Después de que caminan en calles de La Roma, la Del Valle o la Zona Rosa, los menores llegan al lugar, que es el único al que en este momento pueden llamarle su hogar. En una de las zonas más peligrosas de toda la capital, la Ex Hipódromo de Peralvillo.
La casa con el número 16-A de Juventino Rosas aloja un local de refacciones para automóvil. Cuenta con una pequeña puerta verde a un costado, la puerta que los niños deben tocar cada noche y dar obligatoriamente una contraseña para que ésta les sea abierta.
Los niños ya saben que deben esperar aproximadamente cinco minutos para que la puerta se abra.
“Mi cielo, ¿a poco a ti también te pusieron a trabajar?, eres un niño y estás en la calle tan tarde”, le dijo una mujer al pequeño Memo mientras intentaba tocar su cabeza. Memo, molesto, responde con un golpe en la mano y malas palabras.
Esa misma mujer, al ser consultada por Crónica, cuenta que desde algunos meses llegó un hombre a rentar la vivienda y desde entonces comenzó el ir y venir de niños con carretillas.

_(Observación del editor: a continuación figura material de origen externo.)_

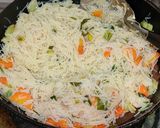 Foto langkah ke 4 dari resep Bihun goreng.
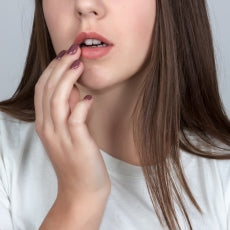 איך מטפלים בהרפס בשפתיים?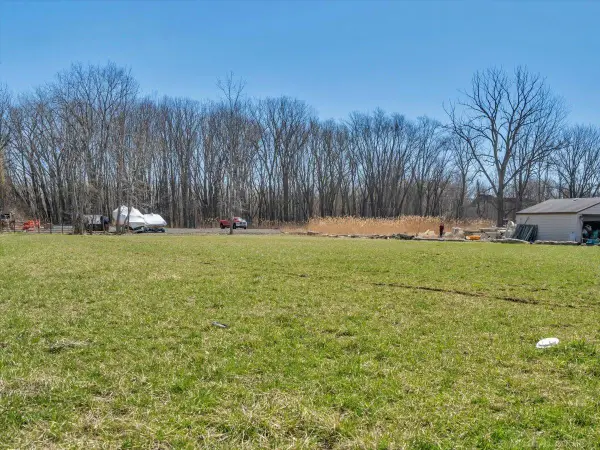 0 La Croix ST, ClintonTownship, MI 48036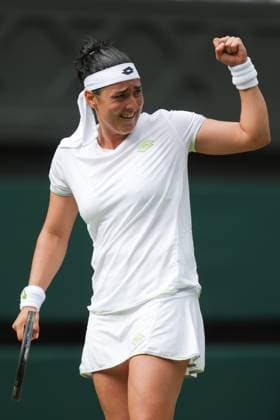 Wimbledon Tag Acht 10. Juli 2023, Wimbledon Wimbledon Tennis Championships Tag Acht Ons Jabeur TUN feiert während ihres Achtelfinalspiels im Dameneinzel gegen Petra Kvitova CZE Foto Charlotte Wilson Offside Wimbledon UK  Copyright: xCharlottexWilsonx xOffsidexOffside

“A media noche llegan unas niñas, bonitas y bien arregladas con pantalones de mezclilla que tienen piedritas y celulares”, cuenta.
La ruta a casa
Alrededor de las 20:00 horas los infantes se encaminan a su casa, parten del edificio de la Lotería Nacional y caminan sobre Paseo de la Reforma en contraflujo.
La mayor parte del camino van lidiando con las carretillas pues las llantas se atoran en los baches de la acera, además de que deben sortear los charcos cuando es época de lluvias.
Prefieren empujar las carretillas debajo de las banquetas a pesar de que los conductores, camiones de transporte público o taxis les avienten el carro o los intimiden pasando a escasos centímetros de ellos. Muchos de ellos son demasiado pequeños, apenas sobresalen a la altura de la carretilla, así que les resulta mejor ahorrarse el subir y bajar de banquetas.
Cruzan calles oscuras de la Guerrero, la Morelos y la Maza, aún pertenecientes a la delegación Cuauhtémoc.
A las 9:40, ya en el límite de la colonia Morelos, un hombre detiene a uno de los niños y le comenzó a exigir dulces. A la hora de pagar, suelta una grosería y echa a correr.
Poco antes de llegar a la casa, los más pequeños se desvían entre las calles para ver si la suerte está de su lado y logran vender una última bolsa de dulces.
Finalmente, todos se encuentran en el mismo punto de la calle Juventino Rosas. Llegaron al punto del que partieron. Mañana será exactamente igual.